Mine are these colours..I have 4 pairs so far..

Cream










Navy










Black










And my favourite so far...Navy and blue! I only got these the other day and am wearing them for the first time like right now..They are soooo comfortable!!










And because I am so small ( Grrrrr ) I can get kids sizes so they are cheaper =p But yes I do hate being small =/


----------



## Poseidon (Oct 1, 2010)

I ride western, so I live in jeans. I was also just explained the difference between the two a couple days ago by Speed Racer.
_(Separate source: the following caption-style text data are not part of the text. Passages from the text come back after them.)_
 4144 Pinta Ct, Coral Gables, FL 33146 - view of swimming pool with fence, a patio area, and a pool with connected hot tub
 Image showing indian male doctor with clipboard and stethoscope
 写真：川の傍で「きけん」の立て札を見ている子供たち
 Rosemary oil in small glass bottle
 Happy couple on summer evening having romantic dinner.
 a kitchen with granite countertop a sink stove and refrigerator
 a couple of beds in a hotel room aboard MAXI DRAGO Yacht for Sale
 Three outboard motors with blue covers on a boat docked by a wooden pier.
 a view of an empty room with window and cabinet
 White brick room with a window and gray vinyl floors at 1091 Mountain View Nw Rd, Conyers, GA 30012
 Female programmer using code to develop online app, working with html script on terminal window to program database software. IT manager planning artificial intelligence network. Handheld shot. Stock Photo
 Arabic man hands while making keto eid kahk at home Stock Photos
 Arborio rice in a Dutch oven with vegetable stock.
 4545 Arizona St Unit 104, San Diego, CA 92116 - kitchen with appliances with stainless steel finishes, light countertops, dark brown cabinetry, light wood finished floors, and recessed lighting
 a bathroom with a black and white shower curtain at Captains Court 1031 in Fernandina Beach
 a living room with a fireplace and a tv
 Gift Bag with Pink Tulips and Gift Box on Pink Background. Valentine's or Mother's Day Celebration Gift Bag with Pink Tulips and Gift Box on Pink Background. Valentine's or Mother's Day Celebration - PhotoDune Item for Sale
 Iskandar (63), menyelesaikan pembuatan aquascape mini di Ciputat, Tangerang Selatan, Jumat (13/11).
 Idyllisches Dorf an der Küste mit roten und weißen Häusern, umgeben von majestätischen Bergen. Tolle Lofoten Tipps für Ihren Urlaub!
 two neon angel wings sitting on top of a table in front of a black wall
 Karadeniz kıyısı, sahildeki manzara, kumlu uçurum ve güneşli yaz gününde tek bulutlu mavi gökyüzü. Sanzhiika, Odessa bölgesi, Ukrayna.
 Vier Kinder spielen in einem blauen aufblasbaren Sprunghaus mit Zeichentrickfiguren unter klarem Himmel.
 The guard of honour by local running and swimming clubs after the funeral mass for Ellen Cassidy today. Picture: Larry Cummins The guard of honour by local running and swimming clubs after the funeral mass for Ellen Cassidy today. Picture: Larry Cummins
What do they feel like? I've only ever see pictures of them. I imagine them feeling like yoga pants.I was also just explained the difference between the two a couple days ago by Speed Racer.


----------



## Sarahandlola (Dec 16, 2010)

They are really comfortable! Well once you get a pair that actually fit =/ My black ones do not go the whole way up my legs ( They kinda hang down at the groin area) and they can be so annoying! But the rest are so nice! It is so easy to move in them etc. They are soft enough too.


----------



## Poseidon (Oct 1, 2010)

I feel like I would only like them to lounge around in rather than riding. I feel awkward riding in anything but jeans.


----------



## trynottofall (Feb 23, 2011)

I love them...but I can never find a pair that fit well..so far I only have one pair that fits OK but one is getting ordered soon because it is on sale for 18 at dover..not sure if that will lower the quality or not but they look pretty nice...I hate having to ride in my show breeches and getting them all stained (my horse is not the cleanest). I miss my kerrits :'(


----------



## Lonannuniel (Jun 13, 2008)

I love them! although the full seat ones seem to stretch out...and look a bit less than attractive =.="" but I've got white, black, tan, and plaid/striped dark blue / gray ones. the plaid ones, my original favorite, are the ones that got stretched...*sigh*


----------